(What to produce)
An exact copy of the listing below is required.

Material to process below:

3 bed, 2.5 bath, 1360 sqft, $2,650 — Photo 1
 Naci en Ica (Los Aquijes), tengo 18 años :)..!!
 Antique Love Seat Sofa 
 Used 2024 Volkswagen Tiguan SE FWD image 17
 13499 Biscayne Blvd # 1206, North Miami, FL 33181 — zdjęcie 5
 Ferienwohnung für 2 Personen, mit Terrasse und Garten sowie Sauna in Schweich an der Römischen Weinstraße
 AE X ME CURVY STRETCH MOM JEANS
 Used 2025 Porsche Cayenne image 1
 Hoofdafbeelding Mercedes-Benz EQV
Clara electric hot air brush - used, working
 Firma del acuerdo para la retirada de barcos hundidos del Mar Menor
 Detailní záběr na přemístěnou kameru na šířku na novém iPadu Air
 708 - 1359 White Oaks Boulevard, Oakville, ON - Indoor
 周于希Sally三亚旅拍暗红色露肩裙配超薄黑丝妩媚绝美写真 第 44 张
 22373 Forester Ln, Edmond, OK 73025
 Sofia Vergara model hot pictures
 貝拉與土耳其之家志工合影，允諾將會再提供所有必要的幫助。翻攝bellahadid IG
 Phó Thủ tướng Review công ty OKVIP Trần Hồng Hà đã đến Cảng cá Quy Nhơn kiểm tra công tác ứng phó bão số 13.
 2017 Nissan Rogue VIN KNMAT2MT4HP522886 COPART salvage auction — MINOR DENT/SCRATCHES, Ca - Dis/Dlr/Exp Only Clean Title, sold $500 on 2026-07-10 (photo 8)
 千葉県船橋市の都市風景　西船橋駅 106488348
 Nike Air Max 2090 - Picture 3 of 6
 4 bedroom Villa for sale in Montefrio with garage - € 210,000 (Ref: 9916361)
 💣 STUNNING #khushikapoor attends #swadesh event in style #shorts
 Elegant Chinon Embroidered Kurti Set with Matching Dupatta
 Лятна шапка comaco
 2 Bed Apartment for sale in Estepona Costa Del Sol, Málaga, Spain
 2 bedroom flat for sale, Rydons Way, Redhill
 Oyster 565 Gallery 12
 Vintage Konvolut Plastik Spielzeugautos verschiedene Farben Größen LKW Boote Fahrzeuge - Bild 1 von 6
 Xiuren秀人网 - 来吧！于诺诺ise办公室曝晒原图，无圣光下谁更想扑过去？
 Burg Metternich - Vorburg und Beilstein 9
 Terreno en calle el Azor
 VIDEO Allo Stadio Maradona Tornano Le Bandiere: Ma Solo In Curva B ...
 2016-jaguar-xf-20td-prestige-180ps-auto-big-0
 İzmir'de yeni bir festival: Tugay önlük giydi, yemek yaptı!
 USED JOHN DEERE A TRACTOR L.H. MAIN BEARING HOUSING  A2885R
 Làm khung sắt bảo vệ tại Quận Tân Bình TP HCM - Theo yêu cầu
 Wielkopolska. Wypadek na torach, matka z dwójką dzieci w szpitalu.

End of Material to process.

(Your solution)
3 bed, 2.5 bath, 1360 sqft, $2,650 — Photo 1
 Naci en Ica (Los Aquijes), tengo 18 años :)..!!
 Antique Love Seat Sofa 
 Used 2024 Volkswagen Tiguan SE FWD image 17
 13499 Biscayne Blvd # 1206, North Miami, FL 33181 — zdjęcie 5
 Ferienwohnung für 2 Personen, mit Terrasse und Garten sowie Sauna in Schweich an der Römischen Weinstraße
 AE X ME CURVY STRETCH MOM JEANS
 Used 2025 Porsche Cayenne image 1
 Hoofdafbeelding Mercedes-Benz EQV
Clara electric hot air brush - used, working
 Firma del acuerdo para la retirada de barcos hundidos del Mar Menor
 Detailní záběr na přemístěnou kameru na šířku na novém iPadu Air
 708 - 1359 White Oaks Boulevard, Oakville, ON - Indoor
 周于希Sally三亚旅拍暗红色露肩裙配超薄黑丝妩媚绝美写真 第 44 张
 22373 Forester Ln, Edmond, OK 73025
 Sofia Vergara model hot pictures
 貝拉與土耳其之家志工合影，允諾將會再提供所有必要的幫助。翻攝bellahadid IG
 Phó Thủ tướng Review công ty OKVIP Trần Hồng Hà đã đến Cảng cá Quy Nhơn kiểm tra công tác ứng phó bão số 13.
 2017 Nissan Rogue VIN KNMAT2MT4HP522886 COPART salvage auction — MINOR DENT/SCRATCHES, Ca - Dis/Dlr/Exp Only Clean Title, sold $500 on 2026-07-10 (photo 8)
 千葉県船橋市の都市風景　西船橋駅 106488348
 Nike Air Max 2090 - Picture 3 of 6
 4 bedroom Villa for sale in Montefrio with garage - € 210,000 (Ref: 9916361)
 💣 STUNNING #khushikapoor attends #swadesh event in style #shorts
 Elegant Chinon Embroidered Kurti Set with Matching Dupatta
 Лятна шапка comaco
 2 Bed Apartment for sale in Estepona Costa Del Sol, Málaga, Spain
 2 bedroom flat for sale, Rydons Way, Redhill
 Oyster 565 Gallery 12
 Vintage Konvolut Plastik Spielzeugautos verschiedene Farben Größen LKW Boote Fahrzeuge - Bild 1 von 6
 Xiuren秀人网 - 来吧！于诺诺ise办公室曝晒原图，无圣光下谁更想扑过去？
 Burg Metternich - Vorburg und Beilstein 9
 Terreno en calle el Azor
 VIDEO Allo Stadio Maradona Tornano Le Bandiere: Ma Solo In Curva B ...
 2016-jaguar-xf-20td-prestige-180ps-auto-big-0
 İzmir'de yeni bir festival: Tugay önlük giydi, yemek yaptı!
 USED JOHN DEERE A TRACTOR L.H. MAIN BEARING HOUSING  A2885R
 Làm khung sắt bảo vệ tại Quận Tân Bình TP HCM - Theo yêu cầu
 Wielkopolska. Wypadek na torach, matka z dwójką dzieci w szpitalu.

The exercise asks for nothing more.